§ Data shown
- Opening Delimiter -

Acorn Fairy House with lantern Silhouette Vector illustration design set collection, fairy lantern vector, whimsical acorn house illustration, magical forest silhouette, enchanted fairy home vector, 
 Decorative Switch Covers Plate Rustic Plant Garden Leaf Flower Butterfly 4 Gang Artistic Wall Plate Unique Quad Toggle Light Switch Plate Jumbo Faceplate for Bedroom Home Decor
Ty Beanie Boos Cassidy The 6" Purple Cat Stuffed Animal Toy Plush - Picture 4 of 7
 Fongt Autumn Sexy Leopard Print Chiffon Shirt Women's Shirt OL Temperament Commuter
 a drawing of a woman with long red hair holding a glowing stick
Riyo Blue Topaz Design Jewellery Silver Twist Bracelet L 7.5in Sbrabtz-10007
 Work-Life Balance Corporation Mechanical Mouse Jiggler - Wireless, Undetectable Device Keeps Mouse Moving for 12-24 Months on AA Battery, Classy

- Closing Delimiter -
- Opening Delimiter -

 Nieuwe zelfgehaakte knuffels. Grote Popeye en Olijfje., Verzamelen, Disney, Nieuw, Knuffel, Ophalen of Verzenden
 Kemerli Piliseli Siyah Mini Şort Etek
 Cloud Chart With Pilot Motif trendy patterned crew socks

- Closing Delimiter -

§ Requirement
The required answer is the run of lines above, starting at the line with "Acorn Fairy House" and ending at the line with "a drawing of", reproduced exactly with both ends.

§ Solution
Acorn Fairy House with lantern Silhouette Vector illustration design set collection, fairy lantern vector, whimsical acorn house illustration, magical forest silhouette, enchanted fairy home vector, 
 Decorative Switch Covers Plate Rustic Plant Garden Leaf Flower Butterfly 4 Gang Artistic Wall Plate Unique Quad Toggle Light Switch Plate Jumbo Faceplate for Bedroom Home Decor
Ty Beanie Boos Cassidy The 6" Purple Cat Stuffed Animal Toy Plush - Picture 4 of 7
 Fongt Autumn Sexy Leopard Print Chiffon Shirt Women's Shirt OL Temperament Commuter
 a drawing of a woman with long red hair holding a glowing stick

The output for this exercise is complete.